I read a bunch of Amiga Powers as a kid, after years of reading Amiga Action (I was young, shut up). They were excellent, far funnier, cleverer and more honest, and it's not exaggeration to saythat it influenced my sense of humour and style of writing rather a lot. Yeeears later, I stumbled upon The Weekly, and Mil's House of Apology, and AP2, and naturally ended up at WoS as Stu was one of the best writers on AP, and WoS was full of excellent people. Although I must admit at the time that Cam Winstanley was my favourite, which can be at least partially attributed to my youthful love of violence. Jon Davies was amusing, also. And J Nash, obv.
I spent many happy hours reading through some of Stu's work that I'd missed in the late 90s and early 2000s, and then hopped onto the forum. Stu was, and still is, a very skilled, persuasive and amusing writer, and despite his stubbornness and aggression online, I find it easy to believe he's a very kindly, thoughtful chap in person. A lot of the vitriol directed at him seems ridiculously hyperbolic, and typically follows the same pattern - "I loved stu and laughing with stu about the embittered people he'd banned, until one day we had an argument and he banned me, and now he's shit and always was shit, ooogh." This saddens and frankly embarasses me, but there you go.
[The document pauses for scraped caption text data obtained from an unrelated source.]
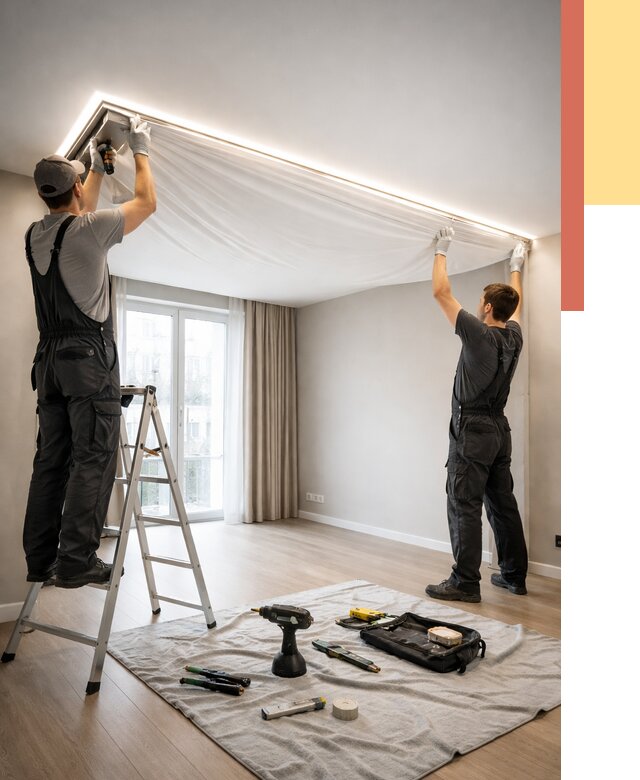 Монтаж парящего натяжного потолка в Кинели от 4585 руб. быстро и недорого | ОТДЕЛОЧНИК-Кнл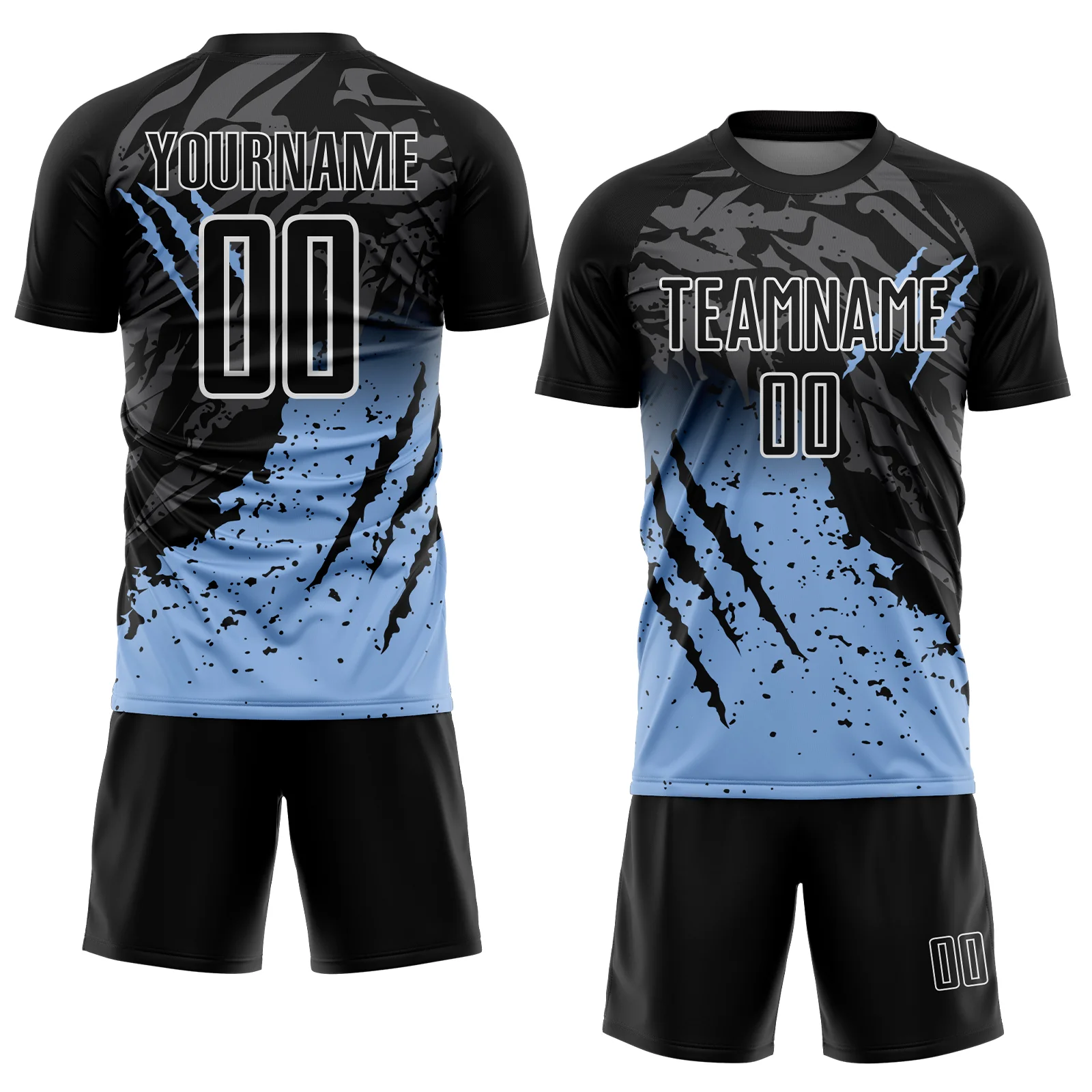 Custom Black Light Blue-White Gradient Scratch Splash Sublimation Soccer Uniform Jersey - Image 2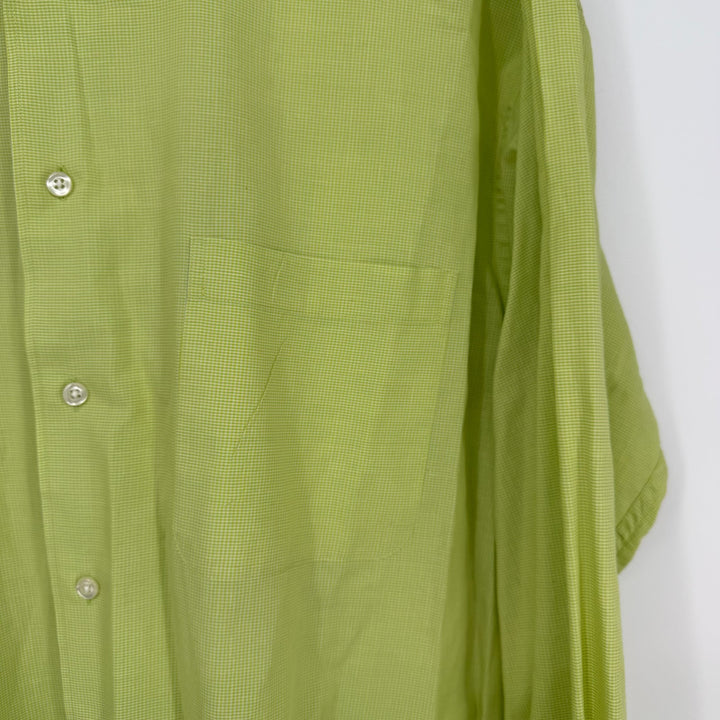 Claiborne Dress Shirt Mens 16.5 Lime Green Check Cotton Pocket Button Up Formal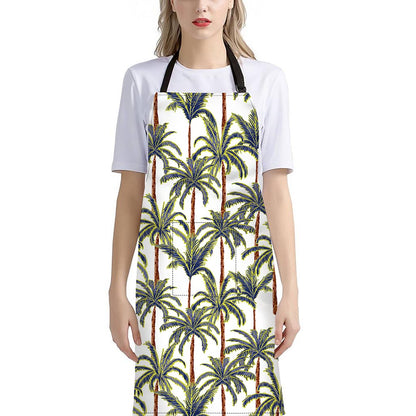 Vintage Palm Tree Beach Pattern Print Bib Apron With Pocket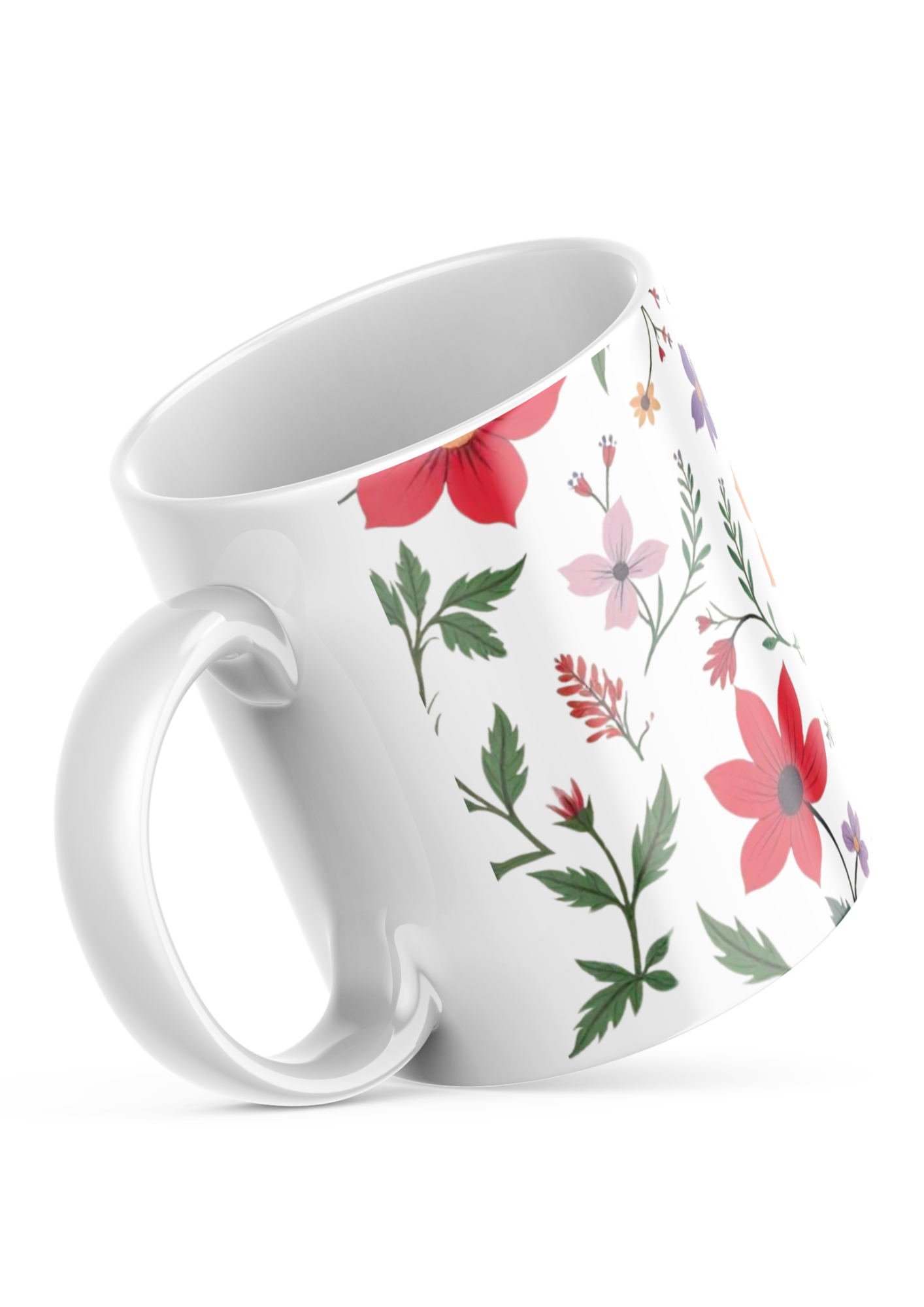 Romantic Floral Mug 11oz with colourful botanical flower pattern, ceramic coffee cup gift for women and nature lovers
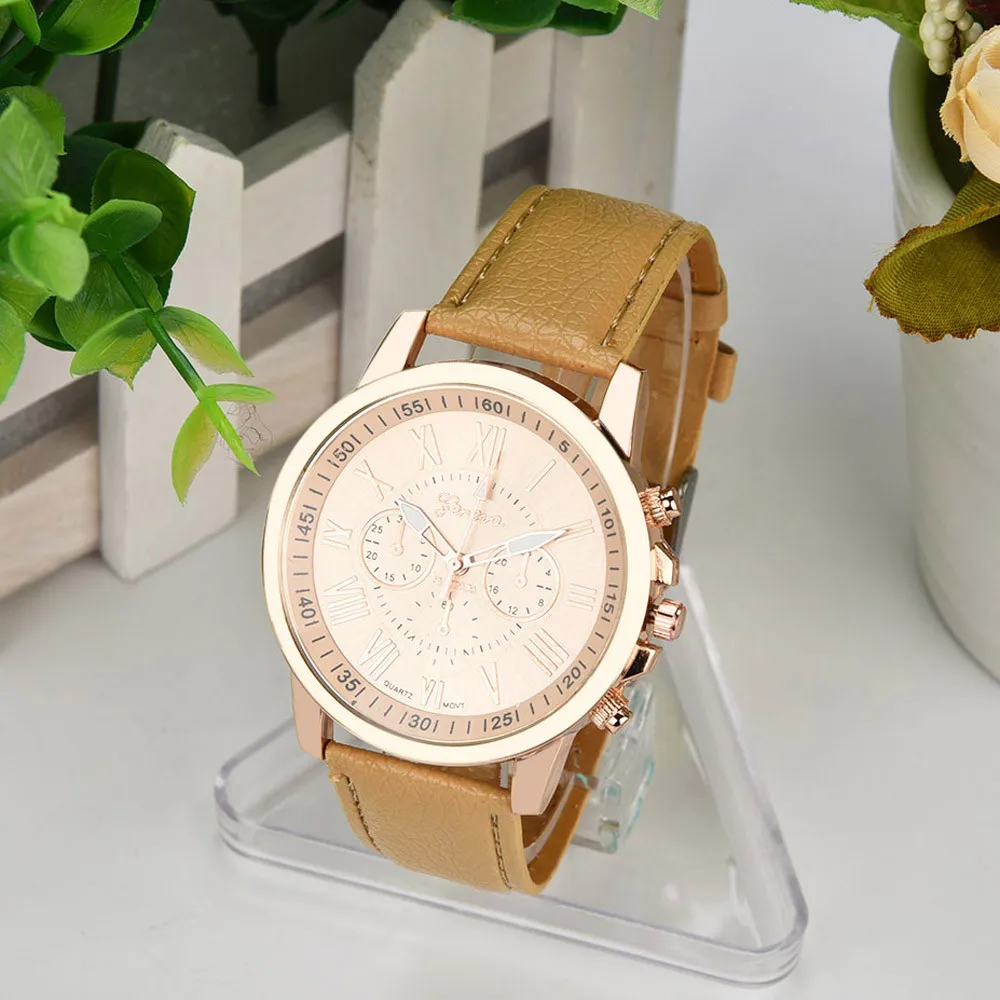 

Women's Leisure Wristwatches Roman Numerals Faux Leather belt Analog Quartz Watch Exquisite Gift for Ladies Montre Femme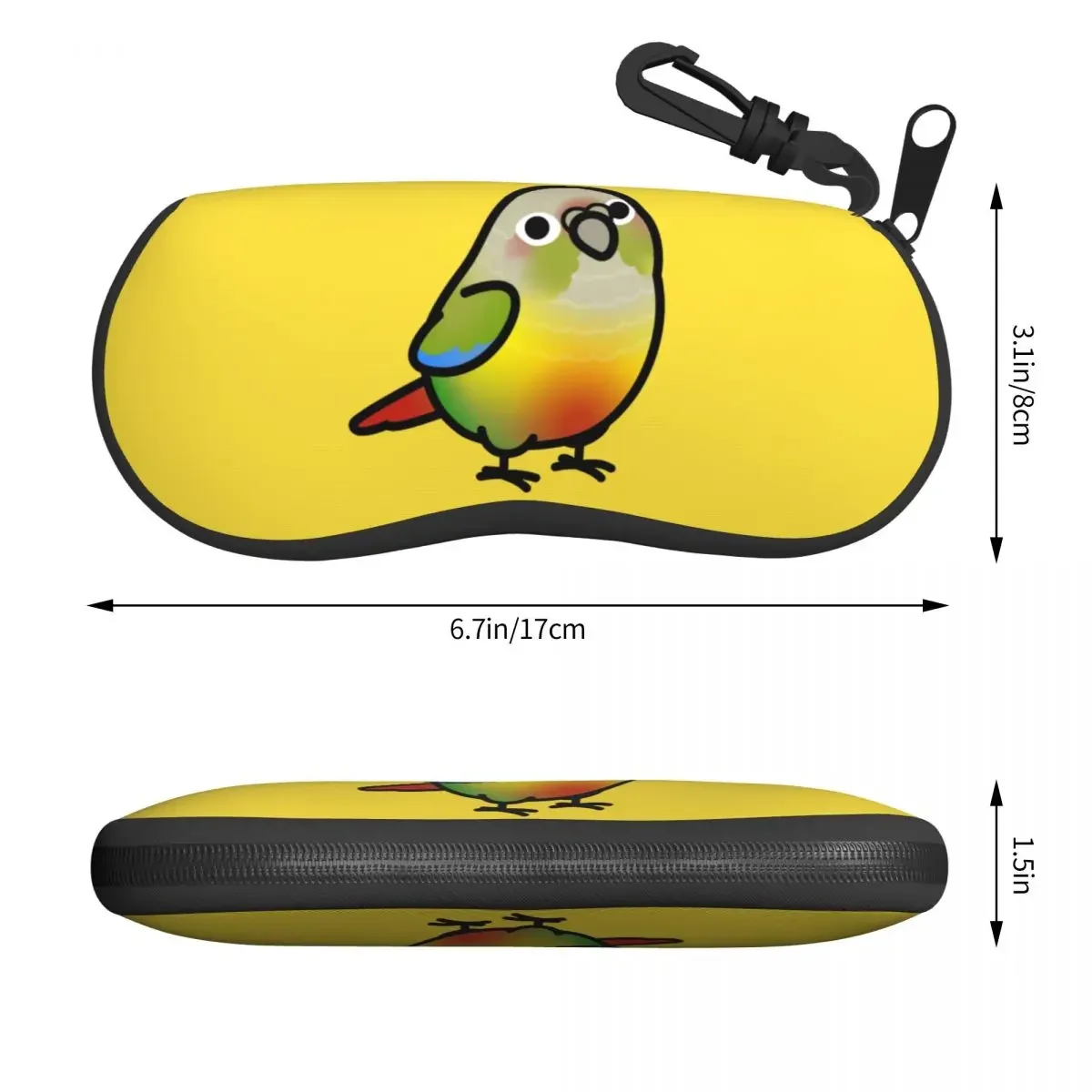 Custom Chubby Pineapple Green Cheek Conure Glasses Case Cool Parrot Bird Shell Eyeglasses Case Sunglasses Box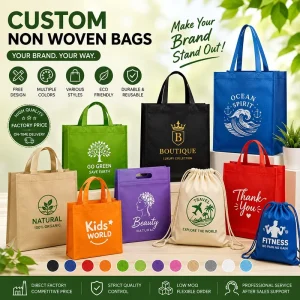 Custom Eco Friendly Non Woven Shopping Bags with Logo Reusable Grocery Totes Low MOQ Fast Factory Delivery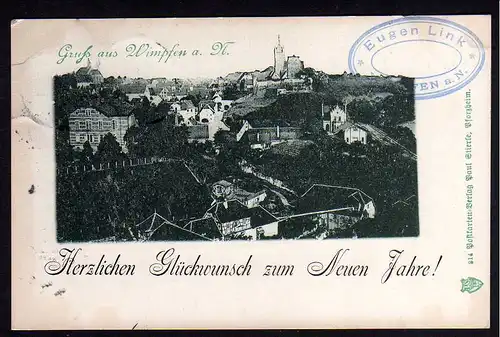 63901 AK Wimpfen a. N. Silvester 1897 Neujahr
He's stubborn and argumentative, which is a major reason most of us liked him. It's also why most people who fall out with him fall out with him. Personally, I find it best to just take his excesses with a pinch of salt rather than get in a twist about them.
There will never be place on the internet as close to my heart as old WoS. Unless J Nash resurfaces and takes over google, obv.